If we do an A/B test statistical test with Germany and France and we get a significant difference in the clients number leaving the bank between these 2 countries, then that would mean that in general, the country has a significant effect on the clients number who bank. Indeed, if we find by comparing Germany and France that the Germans are more likely to leave the bank than the French, we can consider that Spain will not change anything. Germans will always be more likely to leave the bank than the French. Maybe there will be a different relationship between Germany and Spain but there will always be a statistically significant difference between France and Germany with a larger number of clients leaving the bank in Germany than France.

Here is a way to confirm that this logic is true. There is a test and the participants of this test are German, Spanish and French. Imagine that this test was done without looking at what is happening in Spain. Now you get the result and you ask yourself the question : « Would the results changed if you added Spain ? ». The answer is « no » because there is no interdependence between Germany, Spain and France. That is, the decision to leave the bank in France and Germany doesn’t depend on Spain. And therefore, it’s quite correct to separate the categories by putting 1 aside to compare the 2 others. And as now we have 2 categories, we can do a Chi-square test with the online tool that we used in the previous article.

So let’s go back to our worksheet and put a country aside to compare only 2 countries. Select « Country » tab.

What we observe is that the difference between Spain and France is very small, so it wouldn’t be interesting to do a Chi-square test between Spain and France.

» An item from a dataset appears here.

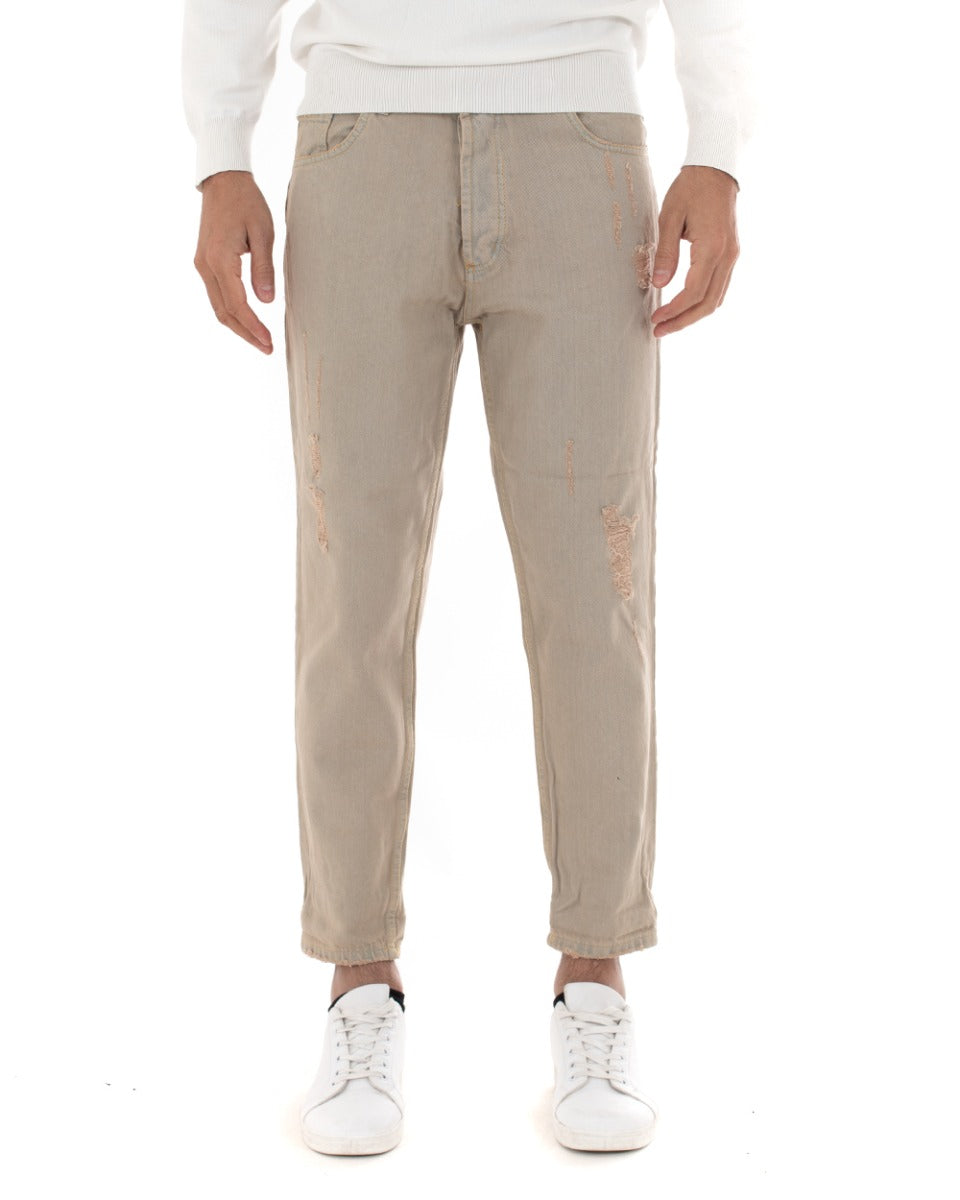 Pantaloni Jeans Uomo Slim Fit Denim Sabbiato Cinque Tasche GIOSAL-P5069A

It’s more interesting to do a Chi-square test between Germany and France and to prove that there is a statistically significant difference between these 2 countries. This will be enough to conclude that the country has a statistically significant impact on the clients number who leave the bank.

Selects « Country Actual » tab.

We will use the online tool of the previous article, click here  .

We will make a copy of « Country Actual » to have a bar chart with absolute values. Select « Country Actual », right-click and select « Duplicate ».

In « Show Me », select « horizontal bars ».

Removes « SUM (Number of Records )» from « Columns » and removes « Exited » and « Geography » from « Rows ».

In « Dimensions », move « Geography » in « Columns ».

In « Measures », move « Number of Records » to « Rows ».

In « Measures », move « SUM(Number of Records) » in « Label ».

In « Dimensions », move « Exited » in « Label ».

In « Dimensions », move « Exited » in « Colors ».

We also need total absolute values, which means the total number of men and women. There is a very fast way to get that. Right-click on the vertical axis and select « Add Reference Line ».

Then in « Value », click on the drop-down on the right and select « Sum » to have the total sum of the observations.

And in « Scope », you select « Per Cell » option to specify that you want the total sums for each category, male and female.

Now, we have the total sum at the top of the bars. We will modify labels to have the absolute values. In « Label », we will change « Computation » to « Value » and click on the « OK » button.

Here’s how to enter the data :

For « Sample1 » in #success, you enter 810 because there are 810 people who left the bank. For « Sample1 » in #trials, you enter 5014 because there are 5014 people in total.

For « Sample2 » in #success, you enter 814 because there are 814 people who left the bank. For « Sample2 » in #trials, you enter 2509 because there are 2509 people in total.

Here is the verdict : « Sample2 is more successful ». « Sample2 » corresponds to German’s clients and #success is :« yes, the client left the bank ». This verdict means that of all the clients from German are more likely to leave the bank than clients from France. And look, there is something important, it’s « p<0.001 ». This means that the « p » is strictly less than 0.001. As you can see, « p » value is very small, which concludes that the tests are statistically significant.

Ooh, there’s another thing I wanted to show you with the tab « age » with the 2 bar charts in parallel.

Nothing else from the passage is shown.